**Problem description:**
Every line from the line containing "Girls Dress 2022" through the final line below is to be repeated exactly; no other line is.

**Excerpted records:**
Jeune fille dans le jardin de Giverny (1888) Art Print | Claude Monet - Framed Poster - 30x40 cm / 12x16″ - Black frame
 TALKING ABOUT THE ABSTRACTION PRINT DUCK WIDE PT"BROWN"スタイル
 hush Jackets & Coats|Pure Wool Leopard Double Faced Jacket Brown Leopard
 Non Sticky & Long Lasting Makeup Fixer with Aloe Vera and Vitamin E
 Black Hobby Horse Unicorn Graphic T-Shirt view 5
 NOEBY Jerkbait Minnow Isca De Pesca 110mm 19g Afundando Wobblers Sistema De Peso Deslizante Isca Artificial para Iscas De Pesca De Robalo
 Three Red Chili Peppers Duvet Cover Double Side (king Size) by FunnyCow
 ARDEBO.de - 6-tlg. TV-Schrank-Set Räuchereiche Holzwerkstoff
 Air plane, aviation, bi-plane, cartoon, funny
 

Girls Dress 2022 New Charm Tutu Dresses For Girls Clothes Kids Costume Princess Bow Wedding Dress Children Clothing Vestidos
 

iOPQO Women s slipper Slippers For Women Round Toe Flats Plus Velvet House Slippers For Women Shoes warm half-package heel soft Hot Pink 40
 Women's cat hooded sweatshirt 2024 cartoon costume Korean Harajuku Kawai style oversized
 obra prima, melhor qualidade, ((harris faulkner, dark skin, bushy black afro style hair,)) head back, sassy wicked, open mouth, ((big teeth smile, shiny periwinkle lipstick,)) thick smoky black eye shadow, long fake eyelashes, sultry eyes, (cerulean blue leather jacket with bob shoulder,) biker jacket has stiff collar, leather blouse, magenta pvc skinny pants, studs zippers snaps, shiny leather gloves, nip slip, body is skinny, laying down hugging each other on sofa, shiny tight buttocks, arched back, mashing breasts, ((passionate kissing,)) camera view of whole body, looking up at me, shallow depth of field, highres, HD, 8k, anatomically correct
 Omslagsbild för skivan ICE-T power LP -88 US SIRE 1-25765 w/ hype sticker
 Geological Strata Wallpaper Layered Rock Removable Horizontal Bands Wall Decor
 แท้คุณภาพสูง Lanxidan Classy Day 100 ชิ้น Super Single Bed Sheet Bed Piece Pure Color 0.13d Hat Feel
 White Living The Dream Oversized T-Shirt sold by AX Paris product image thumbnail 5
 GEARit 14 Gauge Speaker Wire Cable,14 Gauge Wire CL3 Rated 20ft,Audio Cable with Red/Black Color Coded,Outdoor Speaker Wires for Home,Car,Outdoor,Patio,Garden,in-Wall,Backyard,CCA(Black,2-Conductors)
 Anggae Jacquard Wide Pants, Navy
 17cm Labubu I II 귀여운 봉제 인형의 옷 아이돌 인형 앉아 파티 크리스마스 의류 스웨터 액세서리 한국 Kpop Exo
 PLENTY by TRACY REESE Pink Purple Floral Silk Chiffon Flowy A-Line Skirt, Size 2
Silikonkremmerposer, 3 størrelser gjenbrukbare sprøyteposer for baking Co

**Expected output:**
Girls Dress 2022 New Charm Tutu Dresses For Girls Clothes Kids Costume Princess Bow Wedding Dress Children Clothing Vestidos
 

iOPQO Women s slipper Slippers For Women Round Toe Flats Plus Velvet House Slippers For Women Shoes warm half-package heel soft Hot Pink 40
 Women's cat hooded sweatshirt 2024 cartoon costume Korean Harajuku Kawai style oversized
 obra prima, melhor qualidade, ((harris faulkner, dark skin, bushy black afro style hair,)) head back, sassy wicked, open mouth, ((big teeth smile, shiny periwinkle lipstick,)) thick smoky black eye shadow, long fake eyelashes, sultry eyes, (cerulean blue leather jacket with bob shoulder,) biker jacket has stiff collar, leather blouse, magenta pvc skinny pants, studs zippers snaps, shiny leather gloves, nip slip, body is skinny, laying down hugging each other on sofa, shiny tight buttocks, arched back, mashing breasts, ((passionate kissing,)) camera view of whole body, looking up at me, shallow depth of field, highres, HD, 8k, anatomically correct
 Omslagsbild för skivan ICE-T power LP -88 US SIRE 1-25765 w/ hype sticker
 Geological Strata Wallpaper Layered Rock Removable Horizontal Bands Wall Decor
 แท้คุณภาพสูง Lanxidan Classy Day 100 ชิ้น Super Single Bed Sheet Bed Piece Pure Color 0.13d Hat Feel
 White Living The Dream Oversized T-Shirt sold by AX Paris product image thumbnail 5
 GEARit 14 Gauge Speaker Wire Cable,14 Gauge Wire CL3 Rated 20ft,Audio Cable with Red/Black Color Coded,Outdoor Speaker Wires for Home,Car,Outdoor,Patio,Garden,in-Wall,Backyard,CCA(Black,2-Conductors)
 Anggae Jacquard Wide Pants, Navy
 17cm Labubu I II 귀여운 봉제 인형의 옷 아이돌 인형 앉아 파티 크리스마스 의류 스웨터 액세서리 한국 Kpop Exo
 PLENTY by TRACY REESE Pink Purple Floral Silk Chiffon Flowy A-Line Skirt, Size 2
Silikonkremmerposer, 3 størrelser gjenbrukbare sprøyteposer for baking Co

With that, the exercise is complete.